Venezuela has the world’s largest proven reserves of crude oil and has investment plans to develop its strategic oil and gas reserves and infrastructure by 2021 totalling more than
US$200 billion. Petróleos de Venezuela S.A. (PDVSA), the country’s state-run
oil and natural gas company dominates the market. There are a wide range of oil
and gas opportunities through PDVSA and a growing number of linked
Venezuela Oil & Gas Facts
1. First in oil proven reserves Billion Barrels 297.57
2. Third in crude oil production (1,000 b/d) 2,881
3. Fifth in refining capacity (1,000 b/d) 2,82
4. Sixth in gas proven reserves TCF 195
5. Tenth in sales Billion US$ 124.7
Venezuela’s National Oil Company PDVSA takes on every project in the country working alongside National and International Oil Companies. Opportunities range from joint ventures to
providing high quality services for the entire Industry. Some of the biggest partners in Venezuela are CNPC, Chevron, Statoil, Total, Shell and the Russian Consortium. Service companies like Schlumberger, Halliburton, and Weatherford have been present for many years, and national and local EPC’s and service companies have an internationally recognized reputation for quality.

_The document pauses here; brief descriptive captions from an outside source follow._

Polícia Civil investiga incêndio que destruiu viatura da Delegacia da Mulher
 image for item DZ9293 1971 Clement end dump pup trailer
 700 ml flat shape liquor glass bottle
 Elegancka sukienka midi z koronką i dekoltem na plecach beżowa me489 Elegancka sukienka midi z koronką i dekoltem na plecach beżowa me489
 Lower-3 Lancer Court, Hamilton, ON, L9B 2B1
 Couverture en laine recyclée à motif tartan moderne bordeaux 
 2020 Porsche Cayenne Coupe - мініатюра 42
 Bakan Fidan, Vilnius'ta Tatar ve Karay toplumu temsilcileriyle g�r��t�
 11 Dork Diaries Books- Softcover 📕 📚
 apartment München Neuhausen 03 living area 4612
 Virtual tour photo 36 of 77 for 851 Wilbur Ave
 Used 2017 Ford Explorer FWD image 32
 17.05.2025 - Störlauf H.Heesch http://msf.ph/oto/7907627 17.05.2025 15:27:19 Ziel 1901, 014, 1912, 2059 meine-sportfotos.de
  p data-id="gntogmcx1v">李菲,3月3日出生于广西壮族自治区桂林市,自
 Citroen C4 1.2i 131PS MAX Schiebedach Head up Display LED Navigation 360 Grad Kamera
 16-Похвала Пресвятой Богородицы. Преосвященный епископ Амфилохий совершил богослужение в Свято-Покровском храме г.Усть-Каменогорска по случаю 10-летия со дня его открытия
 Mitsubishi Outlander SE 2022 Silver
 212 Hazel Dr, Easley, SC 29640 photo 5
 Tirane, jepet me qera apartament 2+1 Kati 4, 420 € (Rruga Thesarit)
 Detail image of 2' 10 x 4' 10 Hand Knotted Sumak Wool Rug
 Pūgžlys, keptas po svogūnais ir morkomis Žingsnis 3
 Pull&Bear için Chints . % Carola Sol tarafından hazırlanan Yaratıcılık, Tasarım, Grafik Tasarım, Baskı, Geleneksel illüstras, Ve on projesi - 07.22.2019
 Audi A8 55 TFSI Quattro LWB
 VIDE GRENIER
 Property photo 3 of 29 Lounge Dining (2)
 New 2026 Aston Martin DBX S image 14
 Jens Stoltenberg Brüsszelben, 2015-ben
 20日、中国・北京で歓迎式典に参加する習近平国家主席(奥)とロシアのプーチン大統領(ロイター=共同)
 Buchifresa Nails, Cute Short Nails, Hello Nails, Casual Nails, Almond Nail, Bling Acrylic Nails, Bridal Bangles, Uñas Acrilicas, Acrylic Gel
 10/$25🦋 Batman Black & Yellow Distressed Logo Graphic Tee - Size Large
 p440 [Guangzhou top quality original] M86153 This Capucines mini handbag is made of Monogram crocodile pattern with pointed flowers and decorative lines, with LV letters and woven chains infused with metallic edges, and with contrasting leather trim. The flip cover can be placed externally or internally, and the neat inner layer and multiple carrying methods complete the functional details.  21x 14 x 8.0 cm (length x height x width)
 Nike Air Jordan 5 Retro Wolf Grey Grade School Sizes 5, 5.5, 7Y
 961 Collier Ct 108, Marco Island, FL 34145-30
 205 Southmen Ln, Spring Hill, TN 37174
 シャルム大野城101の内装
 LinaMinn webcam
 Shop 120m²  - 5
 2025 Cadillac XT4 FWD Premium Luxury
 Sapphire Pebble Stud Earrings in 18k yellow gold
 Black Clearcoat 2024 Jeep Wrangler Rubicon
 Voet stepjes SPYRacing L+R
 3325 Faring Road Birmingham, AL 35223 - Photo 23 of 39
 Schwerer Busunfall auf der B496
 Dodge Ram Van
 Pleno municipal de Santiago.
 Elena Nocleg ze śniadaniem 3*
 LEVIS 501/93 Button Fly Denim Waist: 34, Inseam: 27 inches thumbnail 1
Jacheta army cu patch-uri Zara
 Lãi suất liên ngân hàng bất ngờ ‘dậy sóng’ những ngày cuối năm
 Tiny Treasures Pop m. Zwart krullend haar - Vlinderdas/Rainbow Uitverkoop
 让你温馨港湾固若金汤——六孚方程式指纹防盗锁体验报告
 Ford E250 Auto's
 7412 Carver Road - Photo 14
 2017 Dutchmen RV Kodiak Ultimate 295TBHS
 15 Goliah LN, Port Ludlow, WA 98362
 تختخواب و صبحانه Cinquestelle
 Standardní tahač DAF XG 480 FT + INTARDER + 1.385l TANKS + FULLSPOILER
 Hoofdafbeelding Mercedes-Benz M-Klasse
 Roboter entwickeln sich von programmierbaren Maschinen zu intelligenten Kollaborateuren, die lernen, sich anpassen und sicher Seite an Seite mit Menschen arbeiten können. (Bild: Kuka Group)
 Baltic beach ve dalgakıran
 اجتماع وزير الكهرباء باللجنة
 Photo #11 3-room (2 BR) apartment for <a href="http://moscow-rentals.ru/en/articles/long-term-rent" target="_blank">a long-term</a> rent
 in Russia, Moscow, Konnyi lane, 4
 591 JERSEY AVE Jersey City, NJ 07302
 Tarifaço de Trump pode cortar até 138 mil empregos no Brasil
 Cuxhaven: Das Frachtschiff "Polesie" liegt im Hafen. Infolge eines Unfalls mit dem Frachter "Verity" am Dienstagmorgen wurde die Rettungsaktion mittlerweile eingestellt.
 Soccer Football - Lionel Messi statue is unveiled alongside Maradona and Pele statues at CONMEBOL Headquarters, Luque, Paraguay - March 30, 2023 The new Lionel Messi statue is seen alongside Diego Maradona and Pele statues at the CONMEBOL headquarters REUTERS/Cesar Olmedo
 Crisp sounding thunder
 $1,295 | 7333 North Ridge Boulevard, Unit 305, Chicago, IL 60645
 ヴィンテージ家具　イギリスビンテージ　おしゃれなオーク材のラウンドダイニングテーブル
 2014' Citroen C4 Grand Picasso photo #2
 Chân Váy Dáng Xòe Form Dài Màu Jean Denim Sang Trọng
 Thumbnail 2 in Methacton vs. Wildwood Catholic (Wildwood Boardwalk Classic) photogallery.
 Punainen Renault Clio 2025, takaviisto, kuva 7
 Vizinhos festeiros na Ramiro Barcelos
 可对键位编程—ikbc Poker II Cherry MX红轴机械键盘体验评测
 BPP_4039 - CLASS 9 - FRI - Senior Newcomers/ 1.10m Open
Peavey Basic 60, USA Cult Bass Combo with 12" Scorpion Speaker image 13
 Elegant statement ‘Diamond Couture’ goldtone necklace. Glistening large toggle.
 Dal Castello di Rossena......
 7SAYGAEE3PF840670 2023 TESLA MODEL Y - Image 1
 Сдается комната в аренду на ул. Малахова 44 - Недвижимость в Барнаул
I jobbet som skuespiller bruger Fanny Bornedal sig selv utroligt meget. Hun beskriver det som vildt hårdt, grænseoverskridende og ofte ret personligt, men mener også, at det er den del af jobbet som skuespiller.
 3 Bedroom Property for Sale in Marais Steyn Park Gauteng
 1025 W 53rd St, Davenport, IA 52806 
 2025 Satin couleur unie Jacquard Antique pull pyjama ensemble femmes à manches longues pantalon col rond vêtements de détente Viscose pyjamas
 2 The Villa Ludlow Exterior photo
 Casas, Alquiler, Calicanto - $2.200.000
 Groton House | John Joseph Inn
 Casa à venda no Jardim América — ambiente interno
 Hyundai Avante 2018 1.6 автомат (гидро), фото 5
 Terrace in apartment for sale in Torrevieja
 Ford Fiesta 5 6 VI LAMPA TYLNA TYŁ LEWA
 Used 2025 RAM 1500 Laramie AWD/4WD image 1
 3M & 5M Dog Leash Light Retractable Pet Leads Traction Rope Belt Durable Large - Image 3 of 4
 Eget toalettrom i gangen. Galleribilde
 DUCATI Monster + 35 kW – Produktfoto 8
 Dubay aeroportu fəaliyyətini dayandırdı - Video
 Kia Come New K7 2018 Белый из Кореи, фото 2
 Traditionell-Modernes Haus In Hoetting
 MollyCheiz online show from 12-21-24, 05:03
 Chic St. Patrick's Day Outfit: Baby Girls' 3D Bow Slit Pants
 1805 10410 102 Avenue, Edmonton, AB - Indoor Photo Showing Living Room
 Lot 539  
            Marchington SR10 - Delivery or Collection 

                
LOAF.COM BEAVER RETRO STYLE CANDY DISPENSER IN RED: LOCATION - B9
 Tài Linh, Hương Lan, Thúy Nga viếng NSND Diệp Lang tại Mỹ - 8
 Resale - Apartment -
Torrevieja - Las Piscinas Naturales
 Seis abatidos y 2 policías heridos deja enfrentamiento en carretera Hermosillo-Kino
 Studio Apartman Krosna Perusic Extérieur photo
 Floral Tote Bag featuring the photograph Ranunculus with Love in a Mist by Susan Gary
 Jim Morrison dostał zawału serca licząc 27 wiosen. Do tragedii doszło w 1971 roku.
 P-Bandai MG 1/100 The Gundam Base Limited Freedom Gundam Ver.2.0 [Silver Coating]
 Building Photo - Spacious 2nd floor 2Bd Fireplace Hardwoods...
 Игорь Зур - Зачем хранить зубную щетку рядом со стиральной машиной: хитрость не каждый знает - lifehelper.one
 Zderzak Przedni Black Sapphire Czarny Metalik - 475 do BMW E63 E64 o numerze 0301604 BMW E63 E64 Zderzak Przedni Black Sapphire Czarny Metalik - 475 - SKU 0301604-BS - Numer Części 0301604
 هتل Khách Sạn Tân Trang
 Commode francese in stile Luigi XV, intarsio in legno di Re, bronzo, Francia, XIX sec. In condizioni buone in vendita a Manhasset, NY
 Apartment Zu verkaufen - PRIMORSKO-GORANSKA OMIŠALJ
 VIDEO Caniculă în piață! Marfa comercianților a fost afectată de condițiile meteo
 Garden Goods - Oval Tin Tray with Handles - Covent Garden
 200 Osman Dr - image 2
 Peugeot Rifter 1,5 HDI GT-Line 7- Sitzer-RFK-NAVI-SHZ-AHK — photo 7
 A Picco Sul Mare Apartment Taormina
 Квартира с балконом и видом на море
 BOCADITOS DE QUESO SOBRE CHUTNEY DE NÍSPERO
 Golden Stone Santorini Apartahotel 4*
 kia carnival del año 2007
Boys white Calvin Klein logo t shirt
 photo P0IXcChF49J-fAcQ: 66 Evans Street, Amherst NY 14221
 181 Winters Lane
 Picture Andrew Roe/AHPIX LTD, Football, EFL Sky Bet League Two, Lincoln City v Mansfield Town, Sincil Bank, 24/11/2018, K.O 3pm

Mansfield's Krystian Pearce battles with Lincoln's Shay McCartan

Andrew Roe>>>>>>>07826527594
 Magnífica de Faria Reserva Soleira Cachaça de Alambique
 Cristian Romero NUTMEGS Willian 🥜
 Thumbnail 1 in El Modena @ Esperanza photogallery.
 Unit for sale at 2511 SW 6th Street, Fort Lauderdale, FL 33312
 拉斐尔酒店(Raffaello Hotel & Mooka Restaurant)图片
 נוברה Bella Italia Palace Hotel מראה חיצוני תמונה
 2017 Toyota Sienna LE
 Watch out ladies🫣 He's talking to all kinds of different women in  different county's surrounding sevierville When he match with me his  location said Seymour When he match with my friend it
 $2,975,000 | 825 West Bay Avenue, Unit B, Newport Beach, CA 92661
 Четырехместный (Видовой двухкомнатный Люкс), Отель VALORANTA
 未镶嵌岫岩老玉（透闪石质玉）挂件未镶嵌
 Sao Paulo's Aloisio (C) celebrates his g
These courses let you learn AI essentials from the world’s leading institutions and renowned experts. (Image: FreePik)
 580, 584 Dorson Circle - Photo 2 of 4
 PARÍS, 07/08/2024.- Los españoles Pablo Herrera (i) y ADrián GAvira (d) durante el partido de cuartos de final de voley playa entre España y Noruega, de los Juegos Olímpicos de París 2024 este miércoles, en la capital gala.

Business Opportunities and major projects
PDVSA’s Investment Plan
The Industry is growing rapidly. In 2011 PDVSA invested $17,534 Million. By the end of 2012, the figure reached $16,009 Million. Plans for 2013 will see investment increase by over 50% reaching the sum of $25,000 Million in production activities.
Deep Conversion Project
A $5.2 billion programme which will enable the existing refinery in the city of Puerto La Cruz to accept the heavier grades of crude oil produced in the country’s oil rich “Orinoco Belt”.
Orinoco Oil Belt
The Orinoco Oil Belt holds the biggest extra heavy oil reserves in the world. With an area of 55,000 square meters, it has reserves of 1.3 trillion BLS. New oilfield developments and upgrading facilities to be built. A wide range of infrastructure projects are also underway.
Santa Inés Refinery Project
A new refinery will be constructed in the state of Barinas with a capacity of 100 thousand barrels per day. It will produce gasoline, diesel and fuel oil with an investment of $2,973 million.
El Palito Refinery
This project will increase the refining capacity from 140,000 barrels to 280,000 barrels per day with medium conversion technology and an estimated investment of about $3,000 million.
Cabruta Refinery Project
This new refinery will be located in the Orinoco Oil Belt and will process 220,000 barrels per day of extra heavy crude oil, the investment plan for this refinery complex is around $6,000 million.